The radius of the distribution defines how likely is the particle is to multiply. If the all the virtual particles end up inside of a single cell the particle would not divide and stay essentially the same(if the average particle of the virtual particles is equal to the original particle). To make it properly conservative we just need to divide the mass of the particle into a number of equal chunks, and make sure the distribution average is zero.

On the picture above and in the code below we see an example for a 5 virtual particle distribution, the average of the distribution directions is zero and its radius is 0.1 pixels.

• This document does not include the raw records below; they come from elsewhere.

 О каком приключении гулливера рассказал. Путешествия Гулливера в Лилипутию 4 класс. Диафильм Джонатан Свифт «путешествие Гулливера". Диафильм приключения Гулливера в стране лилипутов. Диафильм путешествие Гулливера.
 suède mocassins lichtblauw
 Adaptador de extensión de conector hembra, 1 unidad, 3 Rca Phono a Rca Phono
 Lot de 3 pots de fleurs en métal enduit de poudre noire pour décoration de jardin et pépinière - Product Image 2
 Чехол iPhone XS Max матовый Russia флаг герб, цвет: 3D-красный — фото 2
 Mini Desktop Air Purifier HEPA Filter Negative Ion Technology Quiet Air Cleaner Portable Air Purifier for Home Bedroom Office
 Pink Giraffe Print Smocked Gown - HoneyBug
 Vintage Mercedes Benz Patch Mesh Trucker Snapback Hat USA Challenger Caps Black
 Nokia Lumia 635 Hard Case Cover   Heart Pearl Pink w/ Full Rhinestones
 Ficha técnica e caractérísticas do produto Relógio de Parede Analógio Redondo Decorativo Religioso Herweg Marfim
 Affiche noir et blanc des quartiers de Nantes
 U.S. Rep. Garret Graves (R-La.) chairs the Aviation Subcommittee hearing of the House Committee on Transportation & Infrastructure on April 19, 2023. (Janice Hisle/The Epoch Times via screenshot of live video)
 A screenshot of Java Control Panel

Here is the code, the only addition are the diffusion directions and a loop for each of the virtual particles.

//this cell position
ivec2 pos;
//values stored in the cell
vec2 velocity = vec2(0.), position = vec2(0.);
float mass = 0.;

//diffusion radius
float difR = 0.1;
//diffusion directions
vec2 difDir[5] = {vec2(0,0),vec2(1,0),vec2(-1,0),vec2(0,1),vec2(0,-1)};

//find and average the particles 
//that land in this cell after a time step dt
for(int x = -R; x <= R; x++) //only check the neighbors at radius R
  for(int y = -R; y <= R; y++)
  {
      //get the particle in this neighbor cell from the previous frame
      particle P = getParticle(pos + ivec2(x,y));
      //integrate the particle position
      P.X += P.V*dt;
      for(int i = 0; i < 5; i++) //divide particle into 5
      {
        particle difP = P;
        difP.X += difR*difDir[i]; //move particle in one of the diffusion directions
        difP.M /= 5.0; //divide mass into 5 particles

        //check if the divided particle is inside of this cell
        if(inCell(difP, pos))
        {
          mass += difP.M; //add the particle mass to this cell
          position += difP.X*difP.M; //add the particle position weighted by mass
          velocity += difP.V*difP.M; //add the particle velocity weighted by mass(momentum)
        }
      }
  } 

//normalize
if(mass > 0.0) //if not vacuum
{
  position /= mass; //center of mass
  velocity /= mass; //average velocity
}

You might ask if its possible to achieve a perfect particle number conservation, and not just total mass conservation. Actually to do that we just need to divide the mass into integer chunks that sum into the original mass, the virtual particles need not be the same, so for example one particle with mass 3 can divide into 2 particles with mass 2 and 1. Dividing into more than 2 virtual particles is pretty much the same, even though a bit more complicated.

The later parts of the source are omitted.